*** Entries shown

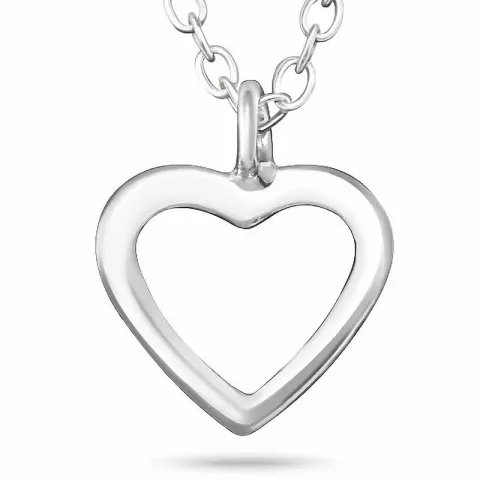 hjerte halskæde i sølv med hjertevedhæng i sølv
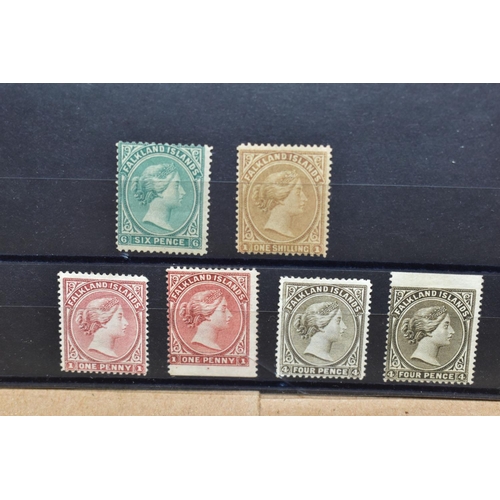 465 - FALKLAND ISLANDS QV MINT SELECTION, to include 6d & 1s no wmk. others all wmk sideways. odd fault bu... 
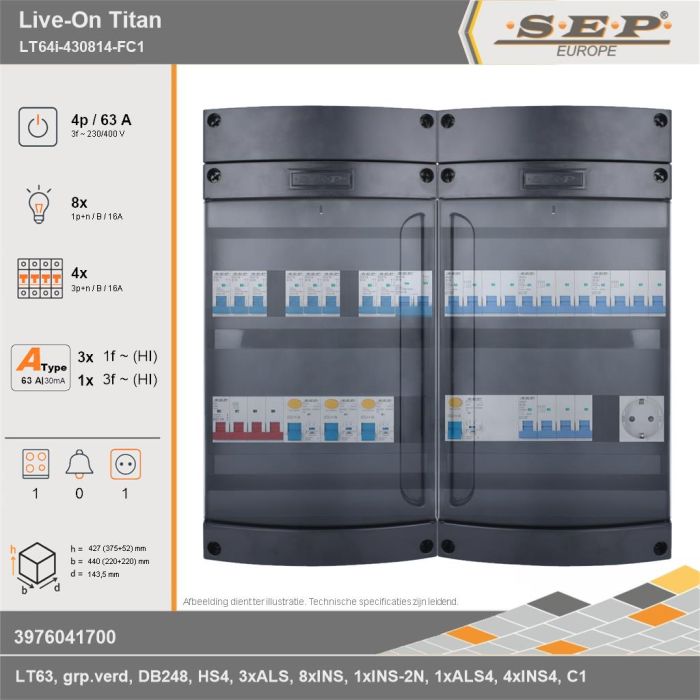SEP Europe - Live-On Titan, LT64i-430814-FC1, 63A, 3-fase groepenkast, 8-lichtgroepen, 4-krachtgroepen, 1-fornuisgroep,  1V-contactdoos, technische gegevens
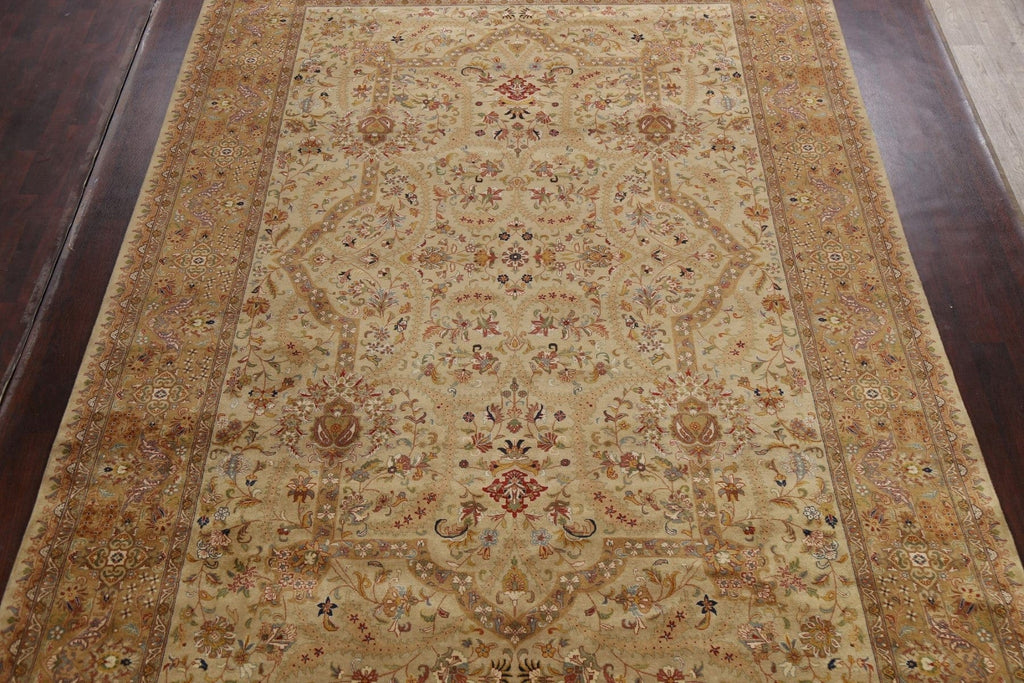 100% Vegetable Dye Floral Kashan Oriental Area Rug 10x14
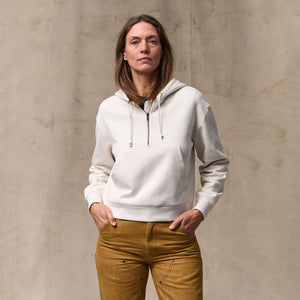 Women's french terry half-zip hoodie par Filson | Ivory (White)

******

#### Instructions for the task
Leave out all pictures and output each line exactly, from the top of the records through the line that holds "SEP Europe - Live-On".

#### Solution to the problem
 hjerte halskæde i sølv med hjertevedhæng i sølv
 465 - FALKLAND ISLANDS QV MINT SELECTION, to include 6d & 1s no wmk. others all wmk sideways. odd fault bu... 
SEP Europe - Live-On Titan, LT64i-430814-FC1, 63A, 3-fase groepenkast, 8-lichtgroepen, 4-krachtgroepen, 1-fornuisgroep,  1V-contactdoos, technische gegevens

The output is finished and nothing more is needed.